Defendant can challenge the Plaintiff's witness on the records, the record keeping process, and the record boarding process, but any inability of the witness will be overlooked because to be admissible the record does not have to be produced by the witness and the witness does not need first hand knowledge of the events recorded.
Defendant can also challenge the Plaintiff's source of the records as being untrustworthy. There is very little case law on what constitutes an untrustworthy source.
The
rationale behind Evid.R. 803(6) is that if information is sufficiently
trustworthy that a business is willing to rely on it in making business
decisions, the courts should be willing to as well. See Staff Note to Evid.R.
803(6).
Deutsche Bank Nat’l Trust Co. v. Hansen (Ohio App. 5th
Dist.), 2011-Ohio-1223, at ¶21.
This is how I would imagine the evidence rules were intended to apply to a foreclosure. The local bank would call the bookkeeper who had custody of the account records. The bookkeeper did not input every single notation in the account record of defendant homeowner, but the bookkeeper knew the tellers, has seen the defendant homeowner making payments, and had actually trained one or more of the individuals putting the notations in the records of defendant homeowner. The records before the witness are copies but she made the copies earlier in the week so that the official records did not need to leave the bank. Finally, she could rely upon the business records because no homeowner ever doubted the records, and the records were used by the bank to decide if it was going to extend any more credit to the defendant homeowner.
Today, the Plaintiff is either a multinational corporation or a trust which possesses thousands of loans. The local bank does not keep the local account. Instead, the loan is packaged and sold so many times that an industry as developed just to keep track of all the transactions (MERS). The loans are sold, or the servicing rights are sold by the thousands. Each loan would be expected to have many pages of loan documents, payments, payment histories, telephone call logs, telephone conversation transcripts, demand letters, and field visits. Many thousands of page of information have been transferred several times during the life of the loan. Each time each loan is transferred, the new servicer "boards" or reviews each paper of each loan.
Typically, as a homeowner becomes in default, the servicing rights are transferred several more times, as the value of the non-performing loan is less. Then as the loan is about to be foreclosed there is a whirlwind of activity to make certain that all the transfers of the loan are documented. The business entities that are buying and selling these loans and are reviewing all the papers regarding the loans, do not have the time or money to make certain that the transfers are properly documented until right before the complaint is filed.

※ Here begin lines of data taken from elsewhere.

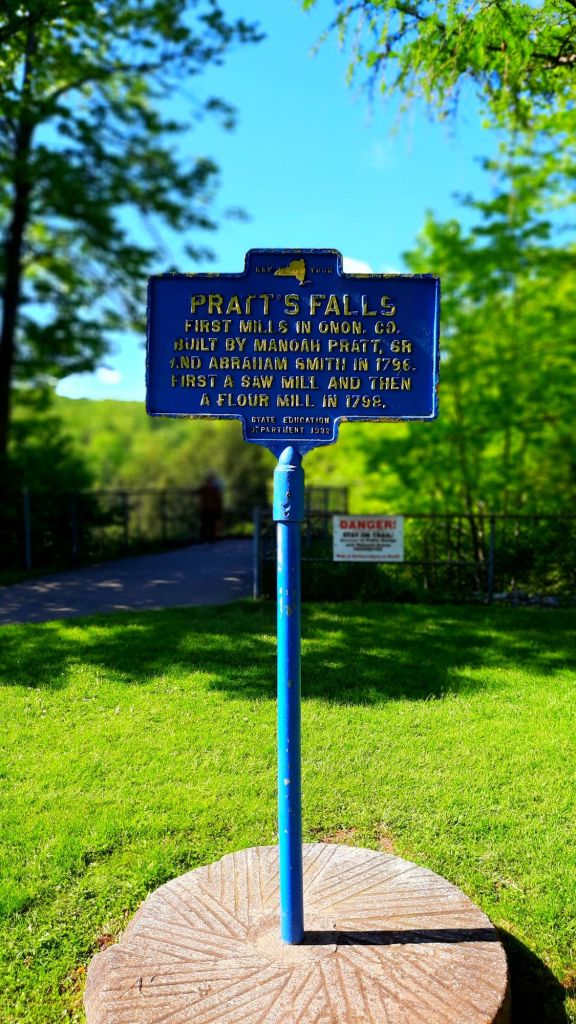 Pratt's Falls - First mills in Onondaga County built by Manoah Pratt, Sr and Abraham Smith in 1796. First a saw mill and then a flour mill in 1798. - pratts falls park Manlius NY historic blue info sign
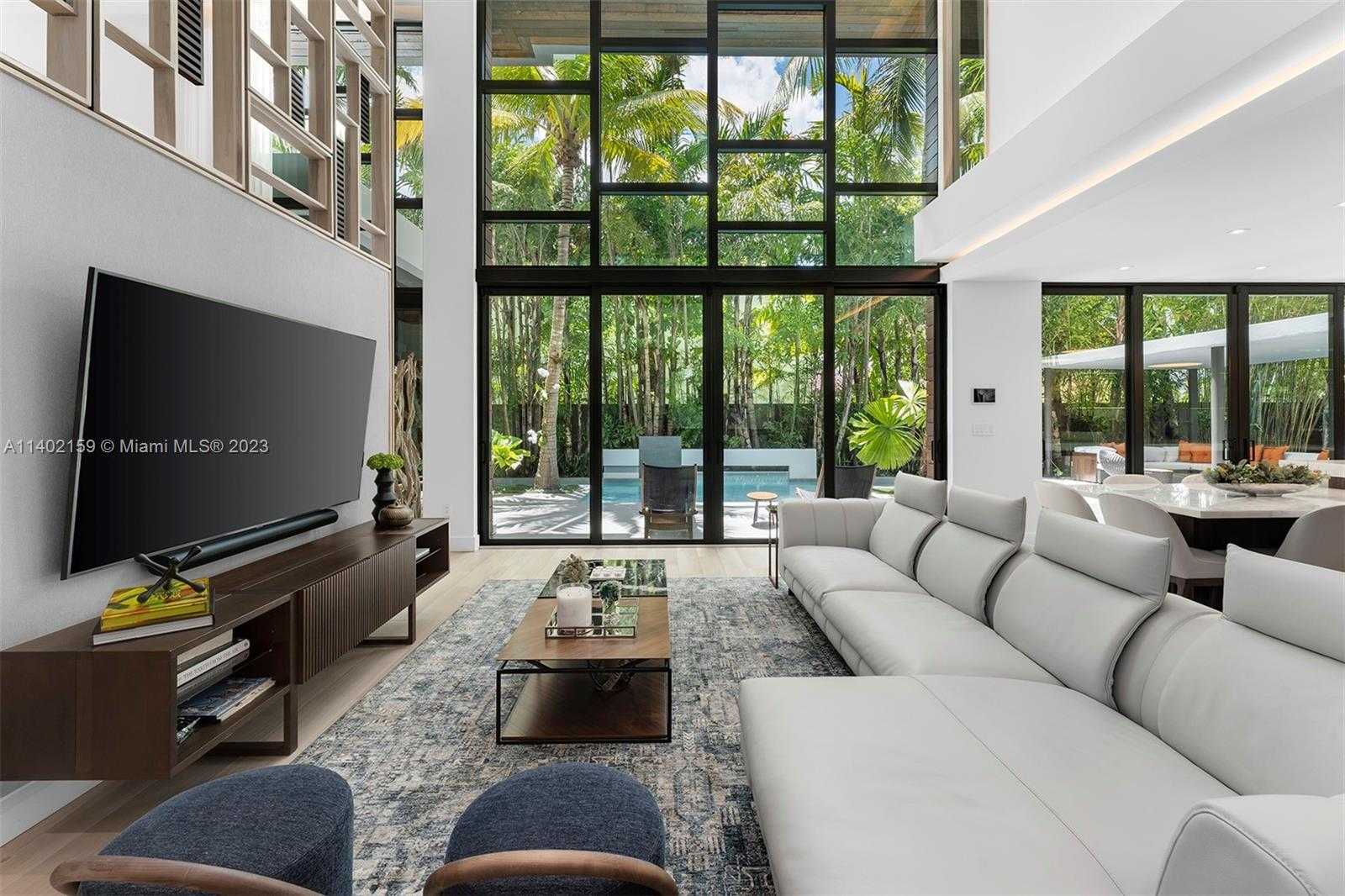 House in Miami, Florida 12308030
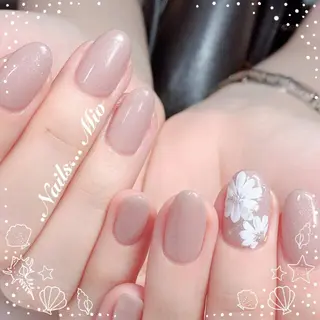 ネイル .Nails Mio 赤羽西ネイルサロンのネイルデザイン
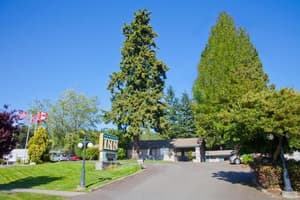 thumbnail: Exterior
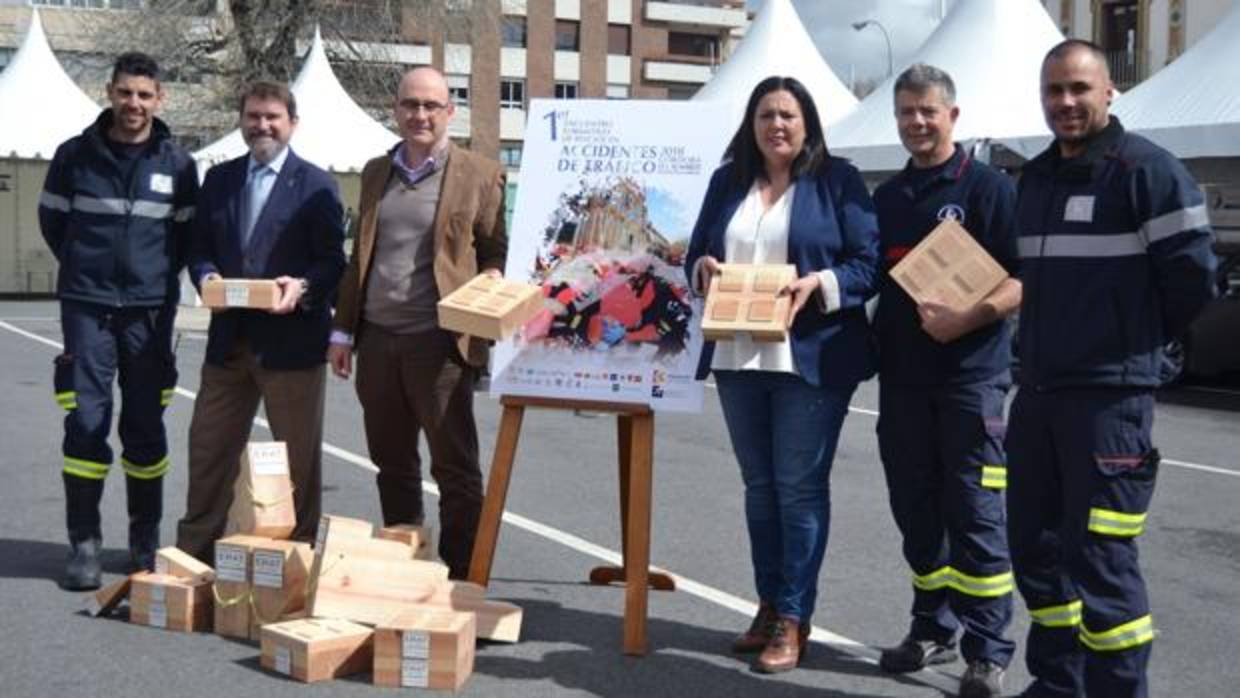 Juan Carandell (segundo por la izquierda) y Dolores Amo, en un acto del Consorcio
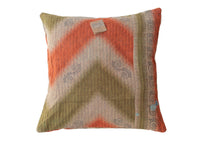 Einzigartiger Sari-Kissenbezug (50 x 50 cm) in Bohème-Farben mit rostorangenen, olivgrünen und beigen Mustern sowie dekorativen orientalischen Spiralprints im Vintage-Stil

The Plaintiff and the plaintiff's servicer's employee now come into court and state that Plaintiff has relied upon the business records to make business decisions. Plaintiff states that it can rely upon the business records from these other financial institutions. The financial records of these other financial institutions should not be considered untrustworthy. The financial institutions have had allegations of bad practices, but those claims of bad acts have been settled to avoid the cost of litigation. These other financial institutions have not admitted liability, they have simply paid BILLIONS to settle claims regarding their business practices.